É desnecessário aqui uma acurada análise da importância estratégica da fiscalização agropecuária pública e dos seus fiscais agropecuários para o Paraná. Esta fundamental e estratégica atividade do serviço público do estado precisa de desenvolver, pois carece de política de Estado (e não de governo) permanente e de longo prazo (que preconize a evolução a legislação estadual, infraestrutura, autonomia legal e técnica etc.); adequado investimento público e valorização dos seus fiscais agropecuários. Sua não conformidade coloca em risco, além da saúde da população, os aspectos socioeconômicos de milhares de setores produtivos e de famílias que dependem diretamente da agropecuária. No âmbito do estado, é preciso assegurar a oferta de alimentos em qualidade e em quantidade à população; no âmbito externo, é necessário manter e ampliar mercados à exportação agropecuária. No âmbito externo, cabe aqui a lição do extraordinário prejuízo contra a indústria de proteína animal do Paraná, líder na produção de carne de frango e o maior prejudicado pela publicação do Regulamento de Execução 2018/700 da União Europeia (UE).
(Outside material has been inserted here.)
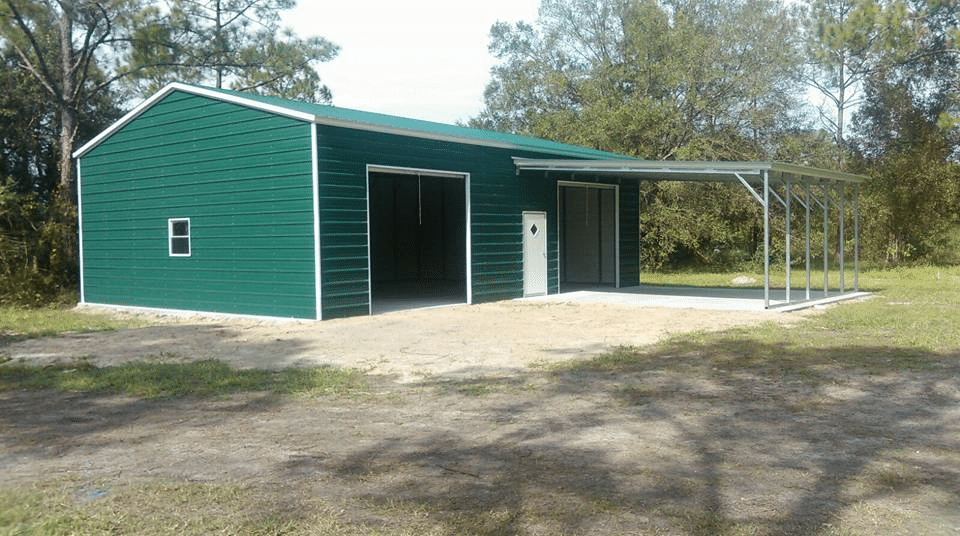 green metal building with 2 rollup doors one walk in door and a vehicle cover from Outdoor Options in Eatonton Georgia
As pragas que assolam a agropecuária são extremamente comuns e, sem um satisfatório serviço público (confiabilidade e credibilidade!) de fiscalização agropecuária com fiscais agropecuários valorizados e justamente remunerados, disseminam-se descontroladamente causando devastadores prejuízos e perdas de mercados. Vejamos alguns dos mais recentes exemplos de pragas que se disseminam mundo afora: 

Peste suína africana (PSA): maior fazenda da Romênia sacrifica 140.000 animais

Segundo a notícia "ASF on Romania's largest pig farm: 140,000 pigs culled" do Pig Progress de 27 de agosto, a peste  suína africana (PSA) foi confirmada na maior fazenda de criação de porcos da Romênia, onde 140.000 animais são sacrificados.

O vírus foi confirmado nessa fazenda, que consiste de três propriedades adjacentes no sul do condado de Braila, depois que amostras de água foram enviadas às autoridades. O escritório da Autoridade Nacional Sanitária Veterinária e de Segurança Alimentar (ANSVSA) da Romênia, na região afetada, confirmou o surto na propriedade da empresa romena Tebu Consult. Gicu Dragan, do Diagnostic and Animal Health Institute de Bucareste (Romênia), disse: "O Diagnostic and Animal Health Institute confirmou a existência do vírus da peste suína africana na Tebu Consult, a segunda maior fazenda da Europa".